5 Biggest Mistakes the Denver Nuggets Made This Season
After Wednesday's loss, which dropped them to a 32-40 record, the Denver Nuggets are officially eliminated from the playoffs for the first time since the 2002-03 season.
Clearly the Nuggets would be having a much better season had they not suffered injury after injury. It was also expected to be somewhat of a transition with first-year head coach Brian Shaw and general manager Tim Connelly now in charge.
Because of this, saying this was an up-and-down season is an understatement. The Nuggets put together a seven-game winning streak early on and also won six of seven in January, but they also lost eight in a row at the end of December and dropped 11 of 12 surrounding the trade deadline.
Nevertheless, there were several mistakes made over the course of the season—on and off the court. Perhaps had these not been made, Denver would have a realistic shot at grabbing one of the final playoff spots.
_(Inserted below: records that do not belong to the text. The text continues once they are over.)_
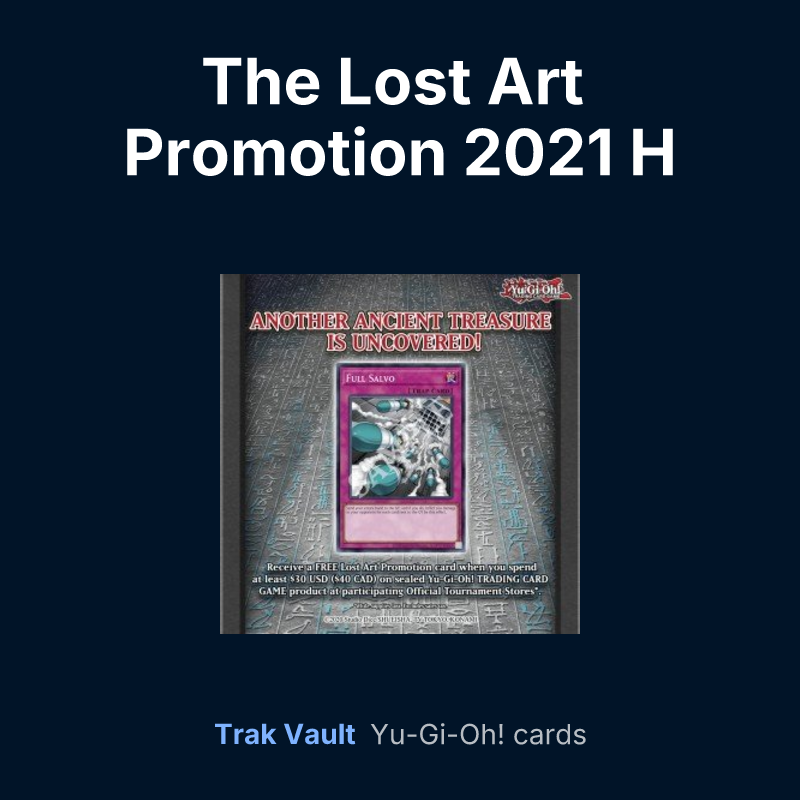 The Lost Art Promotion 2021 H — Yu-Gi-Oh! card list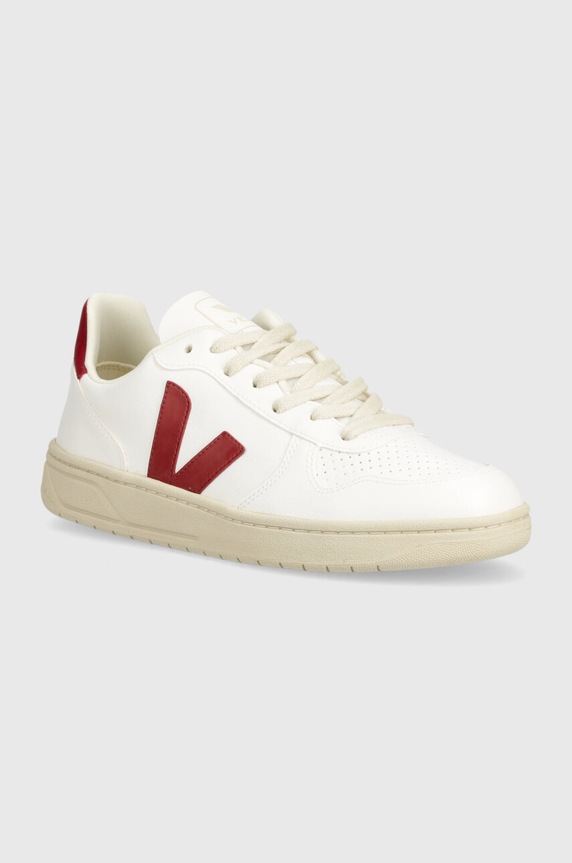 Tenisice Veja V-10 imitacija zrnate kože bijela VX0703279B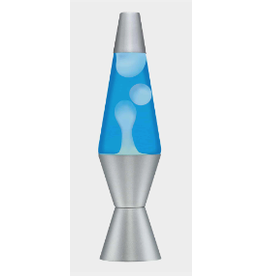 Schylling Lava Lamp Classic - White Lava/Blue Liquid/Silver Base - 14.5"
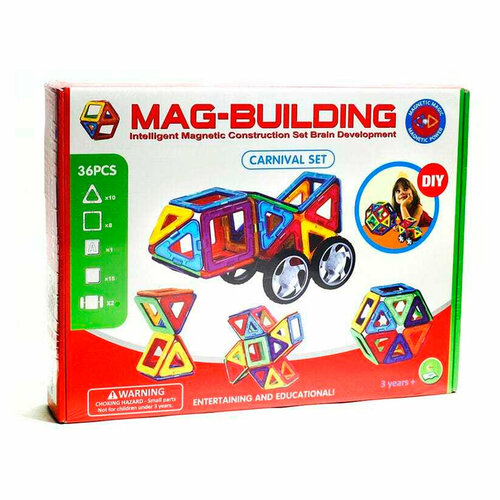 магнитный конструктор turbosky лёлик джангл Конструктор Mag-Building Carnival GB-W36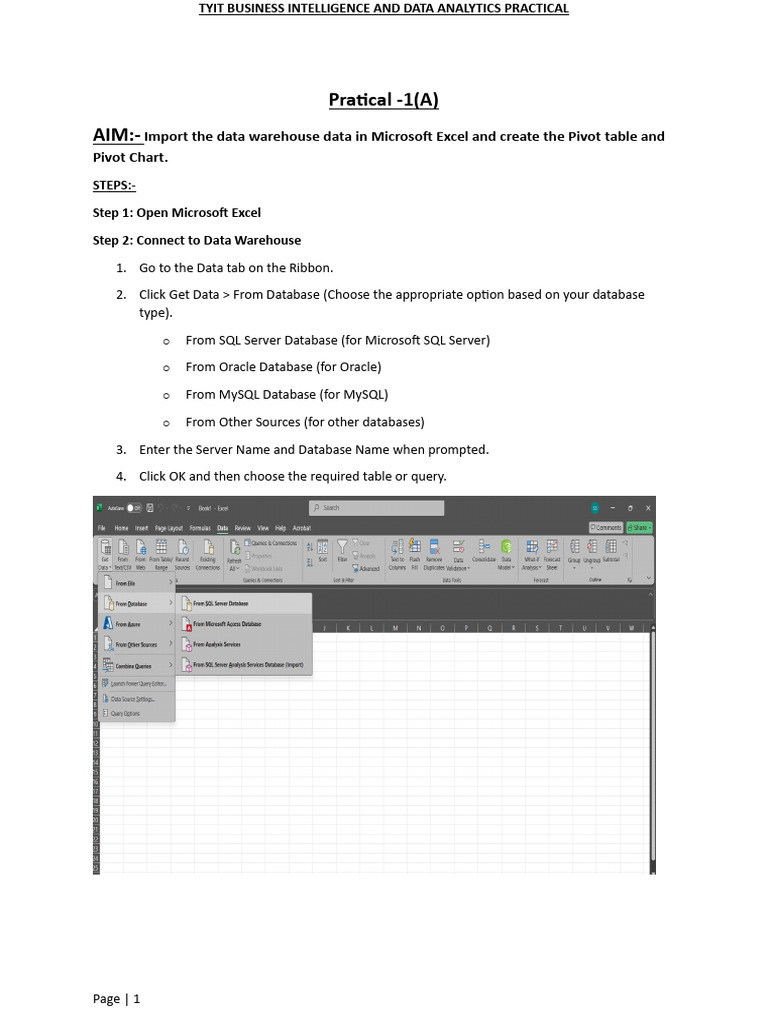 Excel Data Analysis: Pivot Tables & Charts | PDF | Databases | Data ...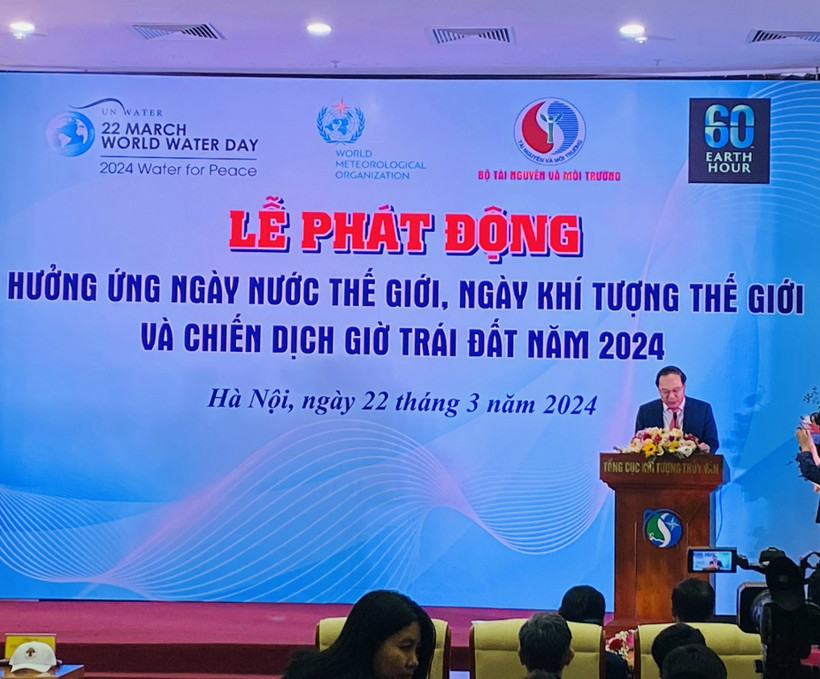 Thứ trưởng Lê Công Thành phát biểu tại Lễ phát động. 
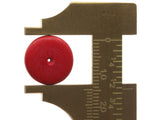 25 15mm Red Wood Beads Vintage Flat Saucer Disc Beads Wooden Red Beads Jewelry Making Beading Supplies Smileyboy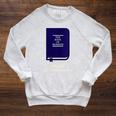 LDS Book Of Mormon Tshirt Spoiler Nephites Raglan Sleeve Sweatshirt Heather Mustard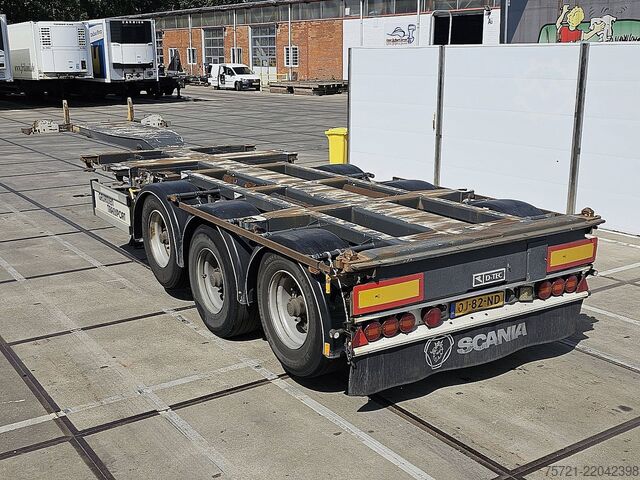 Containertransport D-TEC FT-43-03V MULTI 2X LIFT AXLE
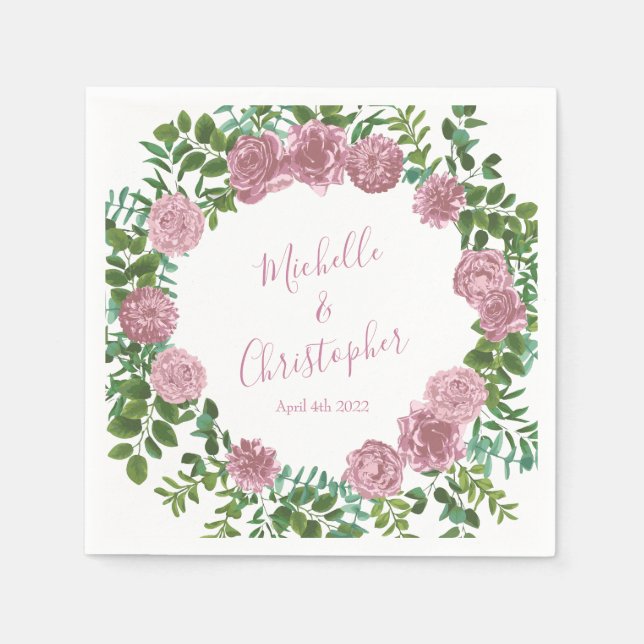 Roses Garden Spring Wedding Serviette (Vorderseite)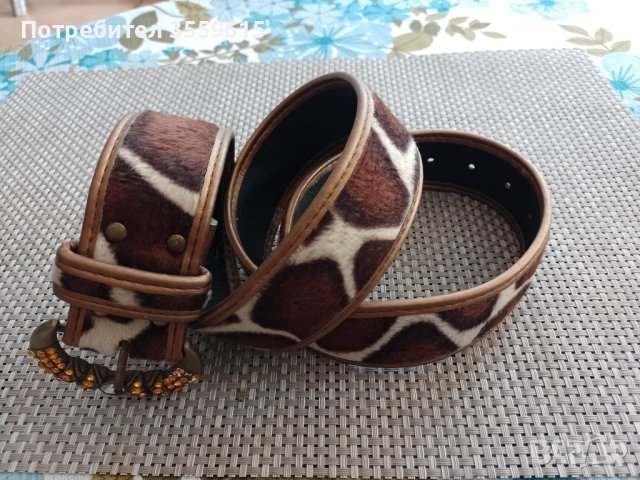 красив дамски кожен колан от Милано, Италия, снимка 1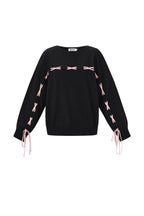 Color Clash Lace-Up Sweater Eloise Closet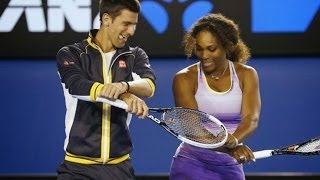 Novak Djokovic Hilarious Moments II [upl. by Naillimixam]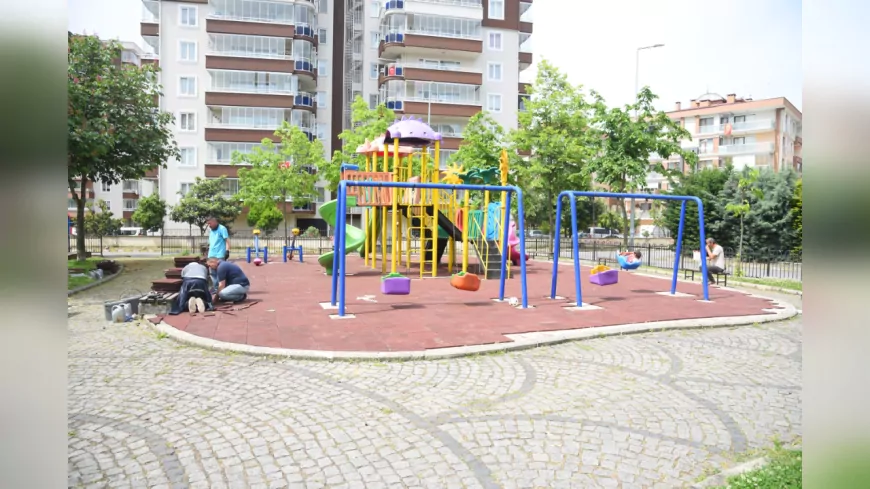 Giresun Belediyesi’nden Parklara Bakım ve Yenileme Hamlesi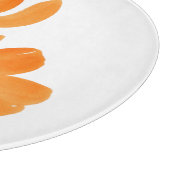 2オレンジ色の水の色のケシのカッティングボード カッティングボード (角)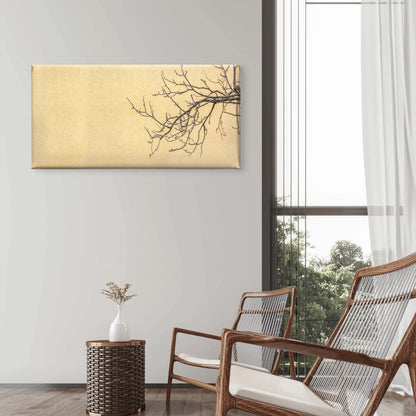 Beautiful Bare Tree Branch Plant Wall Art Canvas Office Home Framed 120x60cm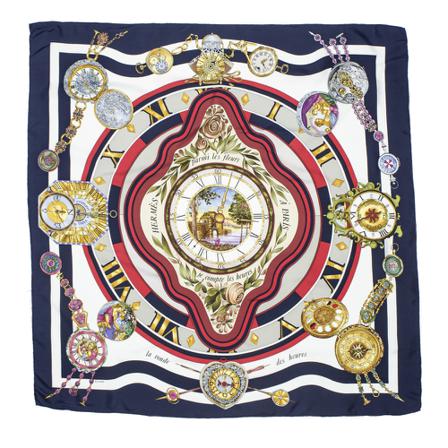 Hermès Vintage, Pre-owned Scarf Blauw, Dames, Maat:ONE Size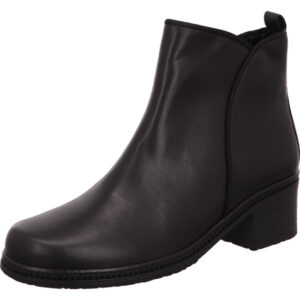 Gabor Stiefelette schwarz mit schwarzem Absatz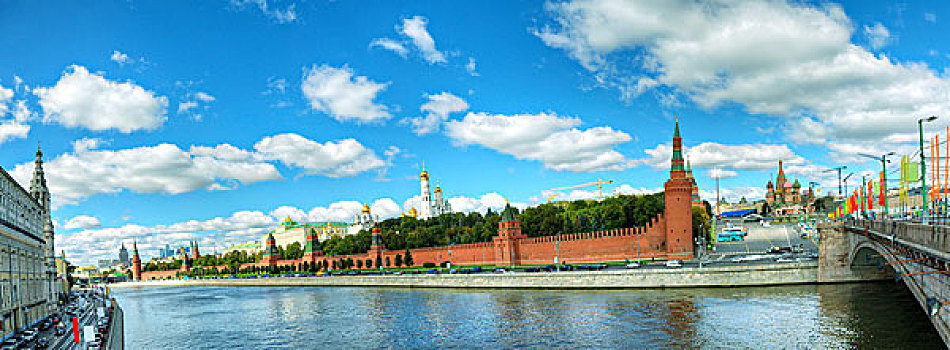 俯视,市区,莫斯科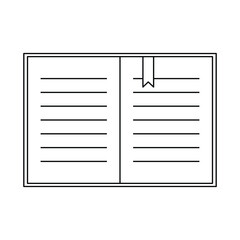 vector illustration of a notebook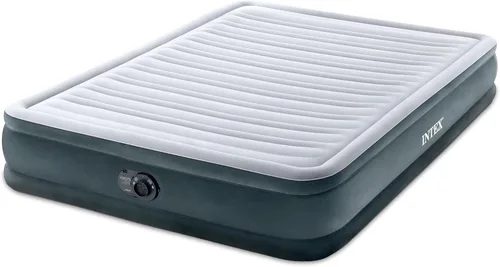 Miniatura 13 de Intex Colchón de aire tamaño individual, 45,7 cm de altura, bomba incorporada, Dura-Beam Deluxe Comfort-Plush - Cama hinchable portátil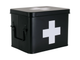 Apteczka Present Time metalowa czarna 21.5 x 15.5 x 16 cm (8714302708367) - obraz 2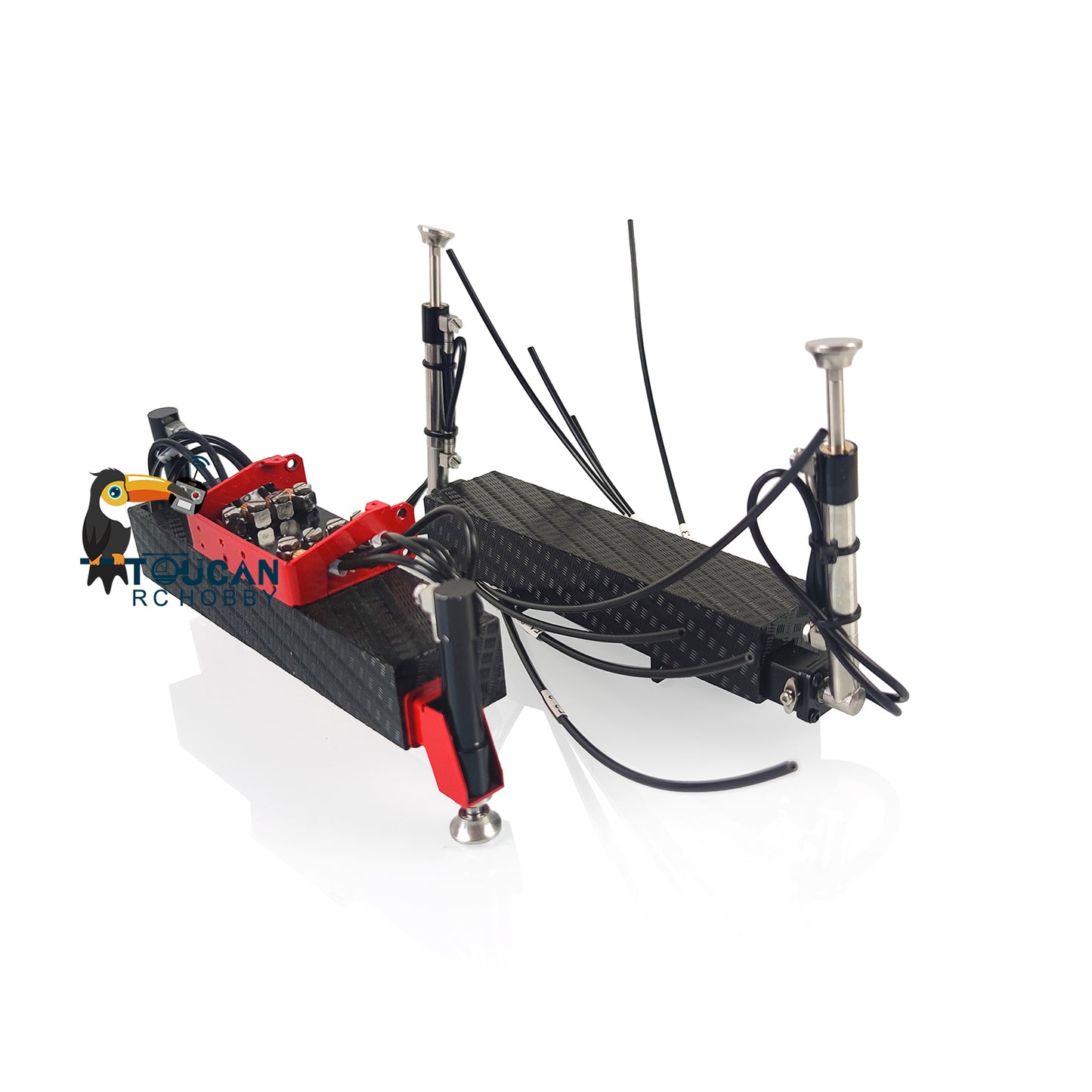 LESU 1/14 RC Hydraulische Lkw Kran Öl Pumpe Dumper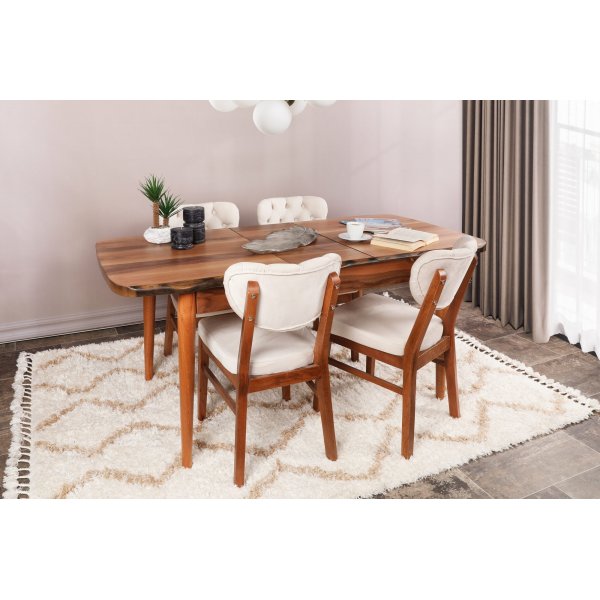 Elma stol - valnøtt/eige Elma stol - valnøtt/eige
5. Not Moving Timofey Mozgov into the Starting Lineup Earlier
Timofey Mozgov may not be the most talented center, have the best upside or possess the greatest athleticism.
But his specific assets were needed in the starting lineup months ago. His presence inside, whether it's rim protection or being physical with his 7'1", 250-pound frame, brings balance next to Kenneth Faried.
While J.J. Hickson is the better scorer and rebounder at 11.8 points and 9.2 boards, with the other four starters scoring over 12 points per game, Denver didn't need another offensive player. It needed someone who can prevent the opponent from getting easy baskets.
To be fair, Hickson at 6'9" does make some great blocks, started at center for the Portland Trail Blazers last season and brings high effort most nights. But when you talk about consistently contesting shots in the paint and making it tougher for opponents to finish, Mozgov is who you want in the game.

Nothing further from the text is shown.